Longest NCAA Division I men's basketball game in history
| Cincinnati Bearcats | Bradley Braves |
| (6–1) | (5–2) |
| 75 | 73 |
| Head coach: Ed Badger | Head coach: Dick Versace |
|  | 1st half | 2nd half | OT | 2OT | 3OT | 4OT | 5OT | 6OT | 7OT | Total |
| Cincinnati Bearcats | 35 | 26 | 2 | 2 | 0 | 2 | 4 | 2 | 2 | 75 |
| Bradley Braves | 40 | 21 | 2 | 2 | 0 | 2 | 4 | 2 | 0 | 73 |
- Date: Monday, December 21, 1981
- Venue: Robertson Memorial Field House, Peoria, Illinois
- Attendance: 7,300

= 1981 Bradley vs. Cincinnati men's basketball game =

Longest men's basketball game in NCAA Division I history

The 1981 Bradley vs. Cincinnati men's basketball game is the longest NCAA Division I men's basketball game ever played and tied for the most overtime periods, regardless of NCAA classification, with seven. The University of Cincinnati visited Bradley University on December 21, 1981, and defeated them 75–73 after 75 minutes of game time. Little-used bench player Doug Schloemer scored on a 15-foot jump shot with one second remaining to propel the Bearcats to victory.

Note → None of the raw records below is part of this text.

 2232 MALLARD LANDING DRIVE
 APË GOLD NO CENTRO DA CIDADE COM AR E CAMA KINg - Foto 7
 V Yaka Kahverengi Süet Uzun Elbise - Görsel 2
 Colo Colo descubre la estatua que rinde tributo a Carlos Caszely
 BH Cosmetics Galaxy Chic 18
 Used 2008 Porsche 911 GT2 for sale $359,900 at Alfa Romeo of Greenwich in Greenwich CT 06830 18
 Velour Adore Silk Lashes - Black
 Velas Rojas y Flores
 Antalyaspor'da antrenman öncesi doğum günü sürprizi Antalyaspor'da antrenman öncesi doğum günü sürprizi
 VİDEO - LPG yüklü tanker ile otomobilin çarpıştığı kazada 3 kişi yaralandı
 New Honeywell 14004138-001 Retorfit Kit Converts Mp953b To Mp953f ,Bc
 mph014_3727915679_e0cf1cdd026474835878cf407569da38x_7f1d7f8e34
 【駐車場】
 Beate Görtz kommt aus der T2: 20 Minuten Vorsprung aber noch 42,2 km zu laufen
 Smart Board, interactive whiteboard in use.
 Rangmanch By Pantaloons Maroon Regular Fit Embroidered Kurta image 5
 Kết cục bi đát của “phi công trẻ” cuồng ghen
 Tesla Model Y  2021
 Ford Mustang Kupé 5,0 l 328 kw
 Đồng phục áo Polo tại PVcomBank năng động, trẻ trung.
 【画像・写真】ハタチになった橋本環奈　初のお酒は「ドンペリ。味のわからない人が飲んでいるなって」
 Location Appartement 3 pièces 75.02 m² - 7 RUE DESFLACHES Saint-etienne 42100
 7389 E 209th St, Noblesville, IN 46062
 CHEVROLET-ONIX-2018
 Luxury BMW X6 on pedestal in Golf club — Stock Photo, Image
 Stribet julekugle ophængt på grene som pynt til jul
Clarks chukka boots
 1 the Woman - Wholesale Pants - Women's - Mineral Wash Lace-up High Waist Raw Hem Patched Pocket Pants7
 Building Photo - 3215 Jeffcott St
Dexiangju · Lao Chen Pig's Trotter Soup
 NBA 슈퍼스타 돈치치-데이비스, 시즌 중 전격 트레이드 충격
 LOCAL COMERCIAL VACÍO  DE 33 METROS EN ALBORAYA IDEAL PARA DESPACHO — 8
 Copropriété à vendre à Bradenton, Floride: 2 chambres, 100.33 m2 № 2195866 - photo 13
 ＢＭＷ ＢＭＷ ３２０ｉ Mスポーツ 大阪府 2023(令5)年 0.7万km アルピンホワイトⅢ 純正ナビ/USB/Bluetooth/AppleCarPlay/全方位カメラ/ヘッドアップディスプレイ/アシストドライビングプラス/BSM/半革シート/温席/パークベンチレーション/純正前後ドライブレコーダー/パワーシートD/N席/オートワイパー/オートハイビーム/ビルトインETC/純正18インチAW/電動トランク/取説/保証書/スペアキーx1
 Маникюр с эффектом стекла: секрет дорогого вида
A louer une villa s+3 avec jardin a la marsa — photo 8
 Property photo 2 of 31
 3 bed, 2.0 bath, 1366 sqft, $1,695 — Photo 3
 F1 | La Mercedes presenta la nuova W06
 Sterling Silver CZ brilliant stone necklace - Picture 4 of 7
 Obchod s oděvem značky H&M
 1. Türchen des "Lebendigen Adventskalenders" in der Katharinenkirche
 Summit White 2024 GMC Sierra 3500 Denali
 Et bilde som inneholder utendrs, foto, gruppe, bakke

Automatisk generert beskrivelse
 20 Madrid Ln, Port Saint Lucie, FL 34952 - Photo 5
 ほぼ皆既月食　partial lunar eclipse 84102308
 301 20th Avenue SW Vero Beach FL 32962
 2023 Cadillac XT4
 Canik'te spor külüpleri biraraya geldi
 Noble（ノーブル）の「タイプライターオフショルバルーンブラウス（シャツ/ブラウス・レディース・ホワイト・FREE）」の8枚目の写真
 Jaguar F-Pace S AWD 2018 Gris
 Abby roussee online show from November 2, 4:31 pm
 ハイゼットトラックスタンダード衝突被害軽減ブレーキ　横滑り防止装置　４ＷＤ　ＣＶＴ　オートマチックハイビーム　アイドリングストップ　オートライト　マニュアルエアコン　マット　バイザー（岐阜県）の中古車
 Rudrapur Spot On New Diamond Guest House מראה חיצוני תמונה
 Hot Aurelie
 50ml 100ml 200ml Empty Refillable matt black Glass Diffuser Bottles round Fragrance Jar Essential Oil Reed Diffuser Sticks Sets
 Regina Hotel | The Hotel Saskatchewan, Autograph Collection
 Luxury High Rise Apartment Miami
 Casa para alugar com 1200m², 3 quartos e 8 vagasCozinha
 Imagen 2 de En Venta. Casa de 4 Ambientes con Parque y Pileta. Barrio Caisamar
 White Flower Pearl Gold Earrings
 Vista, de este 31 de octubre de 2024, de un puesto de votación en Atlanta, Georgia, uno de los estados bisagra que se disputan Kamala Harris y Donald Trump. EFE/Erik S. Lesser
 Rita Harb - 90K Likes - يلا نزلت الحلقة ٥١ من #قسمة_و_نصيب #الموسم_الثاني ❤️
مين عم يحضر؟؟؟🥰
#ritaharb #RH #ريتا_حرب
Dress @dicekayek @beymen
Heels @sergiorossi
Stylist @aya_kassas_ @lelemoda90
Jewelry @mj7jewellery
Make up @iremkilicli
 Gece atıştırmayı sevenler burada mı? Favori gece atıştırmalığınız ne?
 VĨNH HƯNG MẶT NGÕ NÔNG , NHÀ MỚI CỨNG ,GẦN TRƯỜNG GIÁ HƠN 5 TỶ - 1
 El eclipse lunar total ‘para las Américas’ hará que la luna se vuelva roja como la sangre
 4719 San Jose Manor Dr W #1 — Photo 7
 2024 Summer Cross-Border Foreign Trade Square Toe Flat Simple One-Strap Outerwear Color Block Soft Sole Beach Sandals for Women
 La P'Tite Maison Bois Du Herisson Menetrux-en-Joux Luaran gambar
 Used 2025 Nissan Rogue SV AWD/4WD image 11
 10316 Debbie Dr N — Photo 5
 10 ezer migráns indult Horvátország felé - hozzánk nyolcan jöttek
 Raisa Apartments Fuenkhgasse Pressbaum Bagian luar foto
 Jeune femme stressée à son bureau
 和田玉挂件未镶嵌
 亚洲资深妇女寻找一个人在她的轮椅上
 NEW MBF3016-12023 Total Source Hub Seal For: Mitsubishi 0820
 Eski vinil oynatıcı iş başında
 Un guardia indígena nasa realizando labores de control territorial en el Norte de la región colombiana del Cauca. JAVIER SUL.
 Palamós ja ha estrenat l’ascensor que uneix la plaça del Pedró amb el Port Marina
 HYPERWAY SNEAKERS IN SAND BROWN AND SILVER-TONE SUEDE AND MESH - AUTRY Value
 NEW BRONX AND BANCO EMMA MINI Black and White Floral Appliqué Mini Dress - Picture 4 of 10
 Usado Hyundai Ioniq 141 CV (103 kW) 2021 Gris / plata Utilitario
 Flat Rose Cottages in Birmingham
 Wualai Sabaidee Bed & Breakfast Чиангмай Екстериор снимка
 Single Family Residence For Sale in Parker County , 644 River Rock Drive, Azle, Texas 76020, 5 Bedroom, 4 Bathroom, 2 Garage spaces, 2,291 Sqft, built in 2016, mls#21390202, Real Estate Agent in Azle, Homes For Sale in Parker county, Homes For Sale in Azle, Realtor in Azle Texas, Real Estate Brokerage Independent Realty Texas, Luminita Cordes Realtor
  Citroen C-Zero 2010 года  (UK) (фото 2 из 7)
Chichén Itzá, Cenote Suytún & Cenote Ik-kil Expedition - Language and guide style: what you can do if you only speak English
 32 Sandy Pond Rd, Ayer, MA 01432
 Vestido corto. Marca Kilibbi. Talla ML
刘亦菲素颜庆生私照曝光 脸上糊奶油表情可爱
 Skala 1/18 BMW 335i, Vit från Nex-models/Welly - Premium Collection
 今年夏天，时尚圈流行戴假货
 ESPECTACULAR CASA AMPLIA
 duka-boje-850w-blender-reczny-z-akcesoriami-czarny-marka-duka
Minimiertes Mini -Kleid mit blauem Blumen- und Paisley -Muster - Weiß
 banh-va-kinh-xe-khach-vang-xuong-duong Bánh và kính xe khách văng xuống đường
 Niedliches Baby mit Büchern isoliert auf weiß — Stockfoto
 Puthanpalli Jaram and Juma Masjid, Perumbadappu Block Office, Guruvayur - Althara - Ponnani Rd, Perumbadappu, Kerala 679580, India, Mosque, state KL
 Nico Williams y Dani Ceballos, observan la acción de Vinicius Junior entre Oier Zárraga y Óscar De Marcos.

At the end of regulation, which was two 20-minute halves, the score was tied at 61 apiece. Both teams played keep away throughout each overtime period; only once, during the fifth overtime, did a team take more than a two-point lead. In the 35 additional minutes of playing time, Cincinnati only scored 14 more points while Bradley only mustered 12. The shot clock had not yet been introduced in NCAA basketball. Nine players recorded 60 or more minutes of playing time. Two players—Bradley's center Donald Reese and Cincinnati's guard Bobby Austin—each played 73 minutes, jointly setting the NCAA all-time single game minutes played record.

Three other times has an NCAA Division I men's basketball game reached six overtime periods: Niagara defeated Siena 88–81 in 1953, Minnesota defeated Purdue 59–56 in 1955, and most recently Syracuse defeated Connecticut 127–117 in 2009.